Seul hic : "Il n'y a plus personne, avoue-t-il. Seule une dizaine de personnes de confession juive sont présentes en hiver et une trentaine en été. Nous étions 6 000 il y a 60 ans, ce qui correspondait à la moitié de la population locale." Un exode qui a eu lieu, essentiellement, après la création de l'État d'Israël en 1948 et l'indépendance du pays en 1956.
Protection rapprochée
"La Tunisie est l'un des seuls pays à ne pas avoir chassé les Juifs", note Albert Chiche, pourtant "beaucoup de Tunisiens confondent Juifs et Israéliens. Je suis juif et tunisien et ne me sens pas israélien", affirme-t-il avec force, tout en admettant "se faire discret s'il entend parler de bombardements et si des Palestiniens sont morts". Car être juif en terre d'islam suppose, comme dans de nombreux autres pays, de vivre au rythme du conflit israélo-palestinien. Et lorsque la situation s'envenime, "des Tunisiens nous voient d'un mauvais oeil", soutient Khelifa Attoun, installé dans son bureau situé face à la Grande Synagogue de Tunis.

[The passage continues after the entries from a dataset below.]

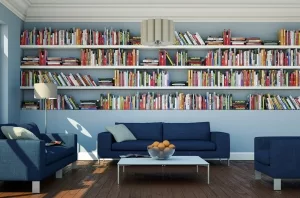 Wohnzimmer mit großem Bücheregal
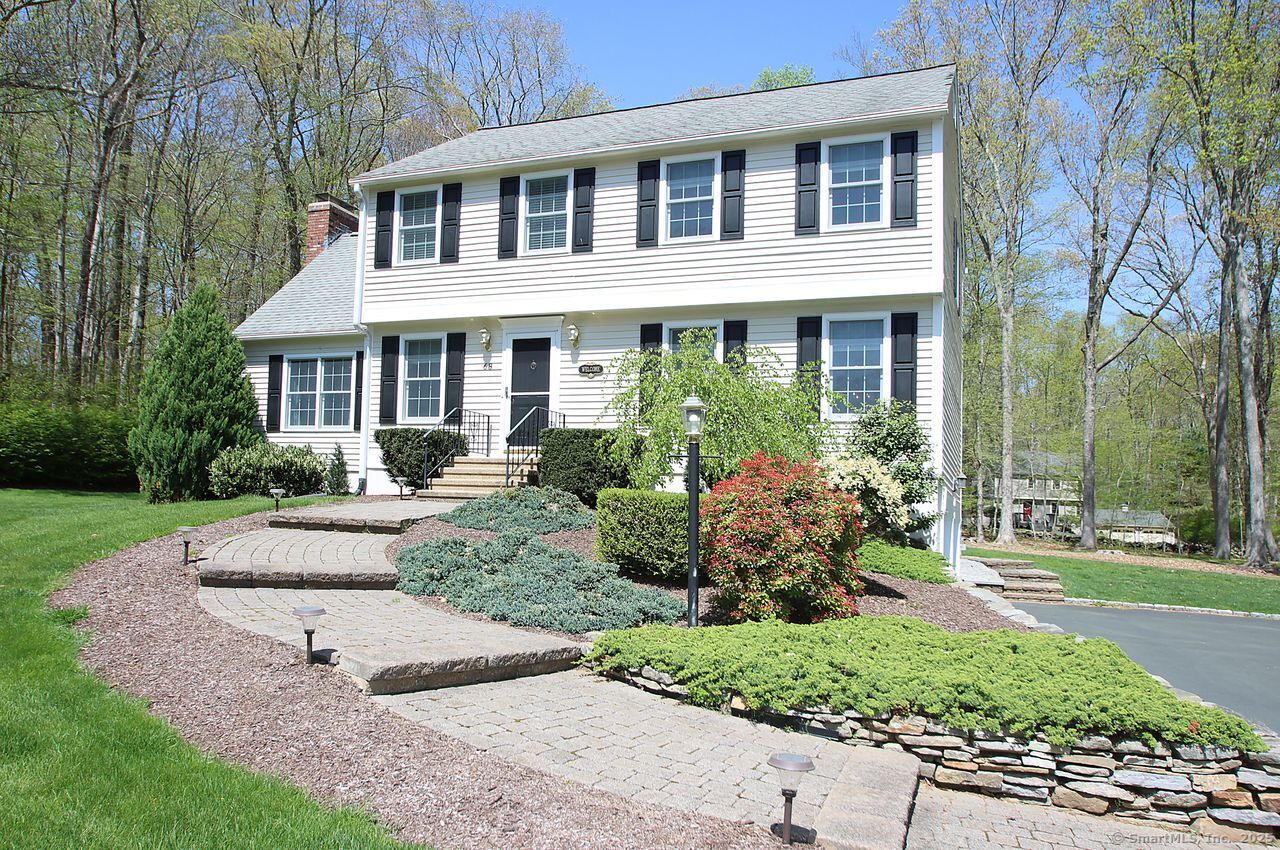 68 White Cedar, Madison, Connecticut 06443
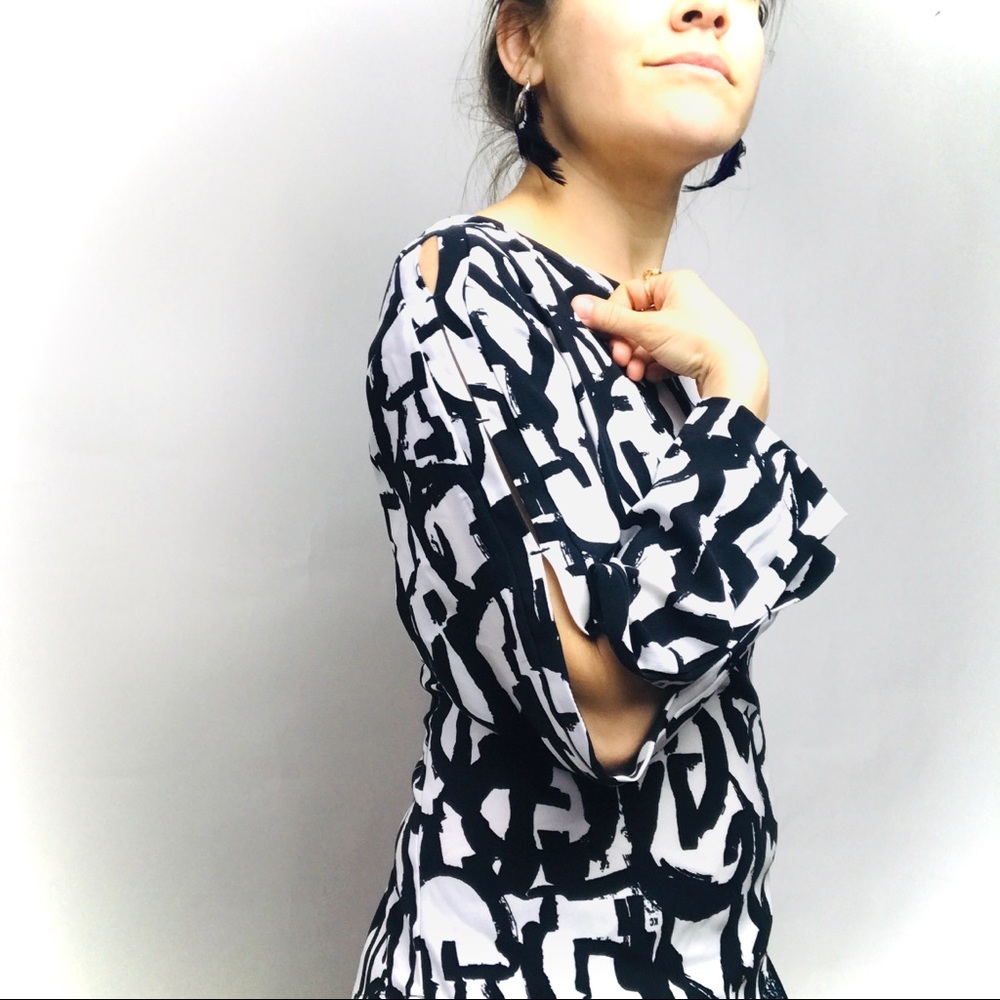 🌲3/$20 Kenneth Cole Keyhole White Black Printed Blouse L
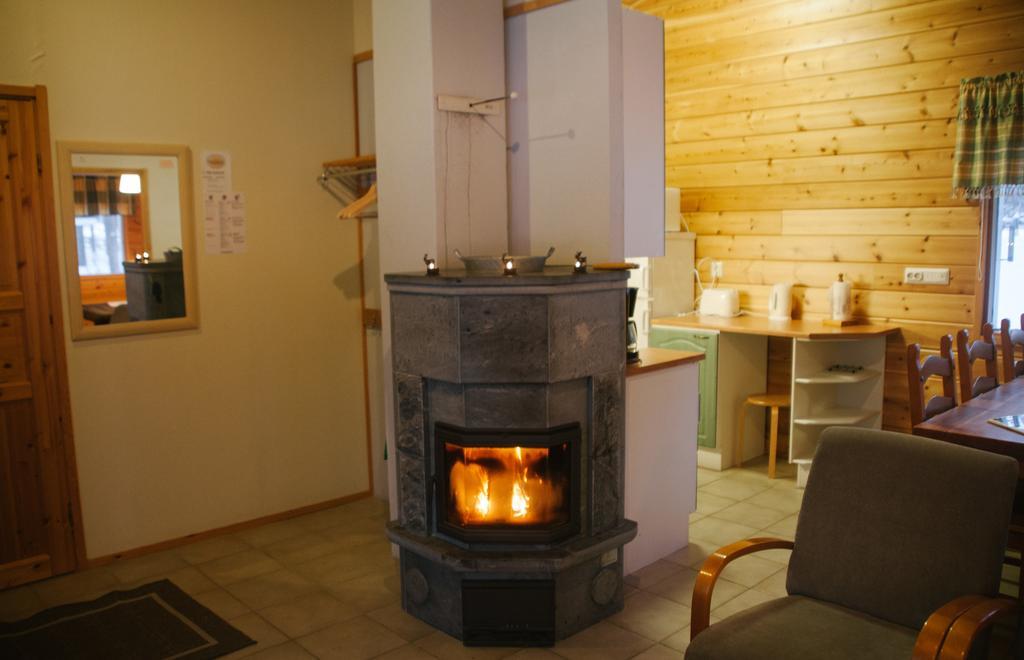 Petaejaekylae Villa Kuusamo Exteriör bild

Peu après le départ de Ben Ali, le 14 janvier, des barbelés ont été dressés sur le trottoir devant l'entrée de ce lieu de culte surplombée par une immense étoile de David. Aux quatre coins de la synagogue située avenue de la Liberté, des policiers sont postés. La communauté bénéficie depuis plus de vingt ans d'une protection rapprochée voulue par le gouvernement. Mais en février, un groupe d'extrémistes religieux avaient protesté sur les marches de la synagogue de Tunis demandant le départ des Juifs du pays.
Dans le quartier Lafayette de Tunis, la présence juive est historique. Une enseigne en hébreu indique une petite boucherie casher située avenue de la Liberté. Rue de Palestine, parallèle à l'avenue de la Liberté, l'école juive est gardée par deux policiers. Un peu plus haut, avenue de la Liberté, un immeuble délabré appartient à cette communauté, dont les dépenses mensuelles s'élèvent à 60 000 dollars, somme récoltée grâce aux dons (la communauté juive américaine participe à hauteur de 20 000 dollars) et aux loyers. Dans cet immeuble inondé à la suite des pluies diluviennes qui s'abattent sur Tunis, sur quelques portes d'entrée, les noms sont indiqués en hébreu. Mais difficile de rencontrer ces familles. "Toutes les autres sont musulmanes", s'excuse Mohammed, se frottant les mains pour se réchauffer, avant d'ajouter comme une évidence : "Mais cela ne change rien qu'on soit juif ou musulman, on est tunisien."